§ Dataset extract
BEGIN

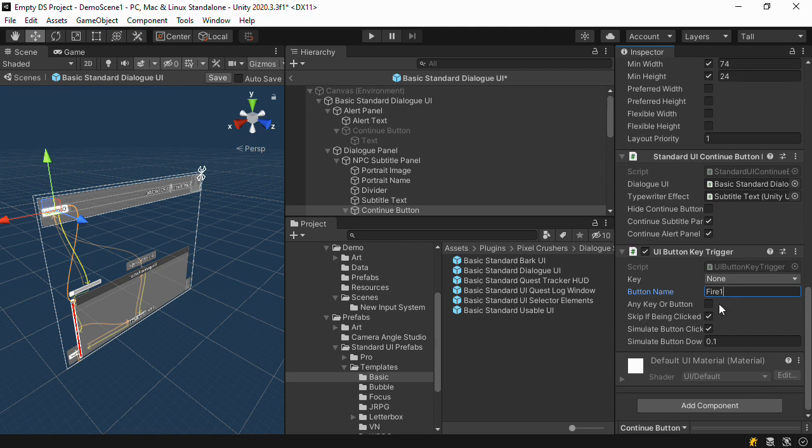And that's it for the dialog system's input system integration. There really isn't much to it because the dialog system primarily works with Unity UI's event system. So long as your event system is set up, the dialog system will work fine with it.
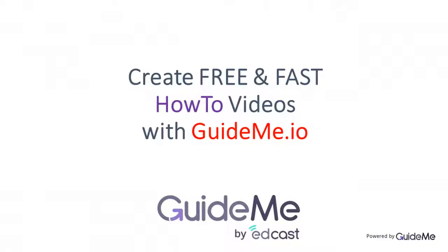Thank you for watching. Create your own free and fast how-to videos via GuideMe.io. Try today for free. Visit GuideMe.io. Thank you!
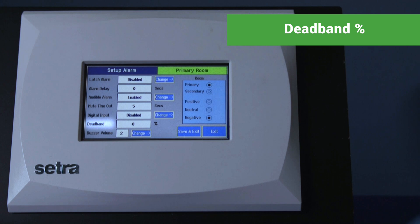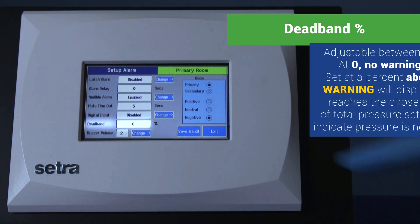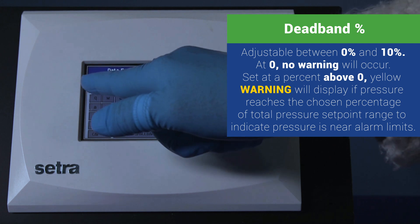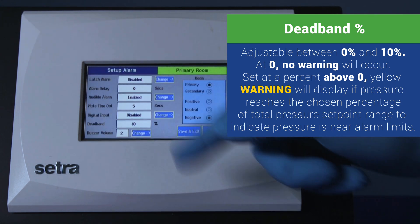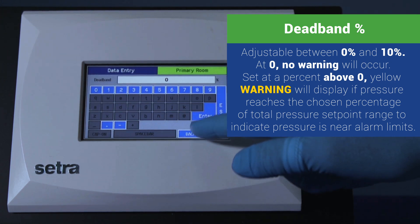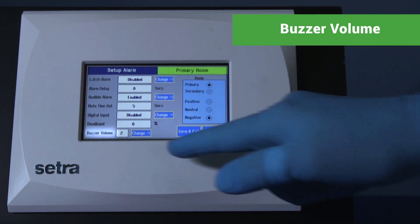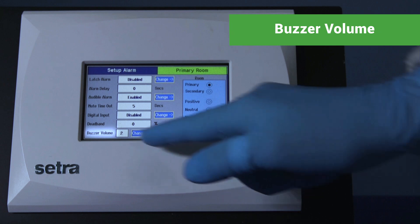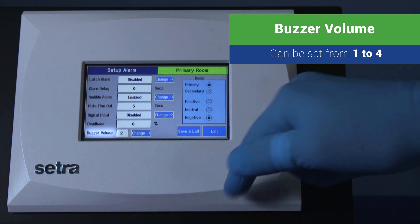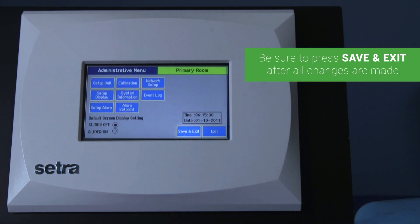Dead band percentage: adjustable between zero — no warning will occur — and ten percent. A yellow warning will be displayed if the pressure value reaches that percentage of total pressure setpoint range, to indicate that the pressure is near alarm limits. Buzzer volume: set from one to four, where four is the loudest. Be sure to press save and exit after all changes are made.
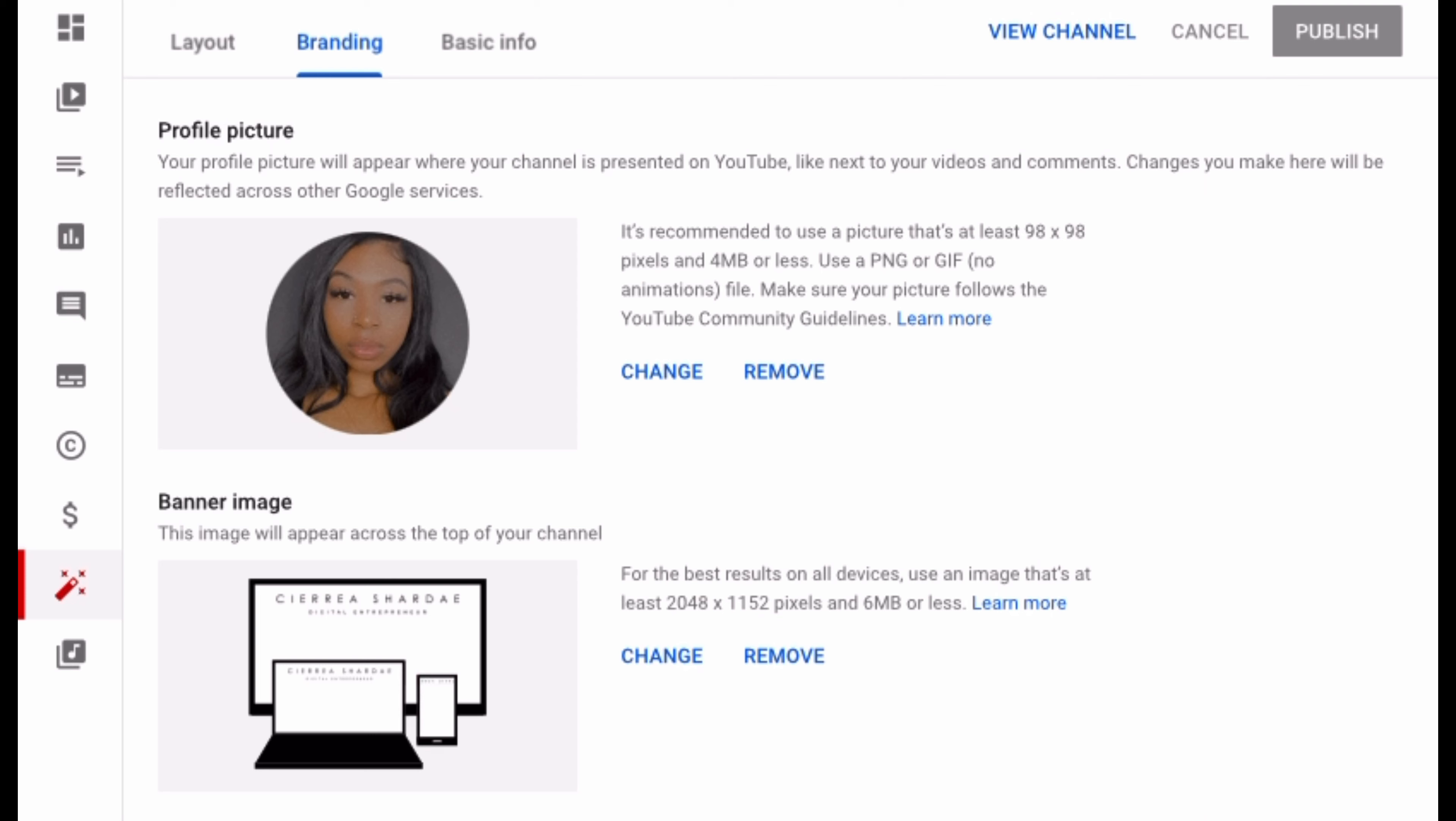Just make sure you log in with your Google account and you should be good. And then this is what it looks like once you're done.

END

§ Your instructions
Pictures stay out of this copy. Retype exactly the lines from the one with "Dead band percentage: adjustable" through the last line of the data, both ends included, and nothing more.

§ Reply
Dead band percentage: adjustable between zero — no warning will occur — and ten percent. A yellow warning will be displayed if the pressure value reaches that percentage of total pressure setpoint range, to indicate that the pressure is near alarm limits. Buzzer volume: set from one to four, where four is the loudest. Be sure to press save and exit after all changes are made.
Just make sure you log in with your Google account and you should be good. And then this is what it looks like once you're done.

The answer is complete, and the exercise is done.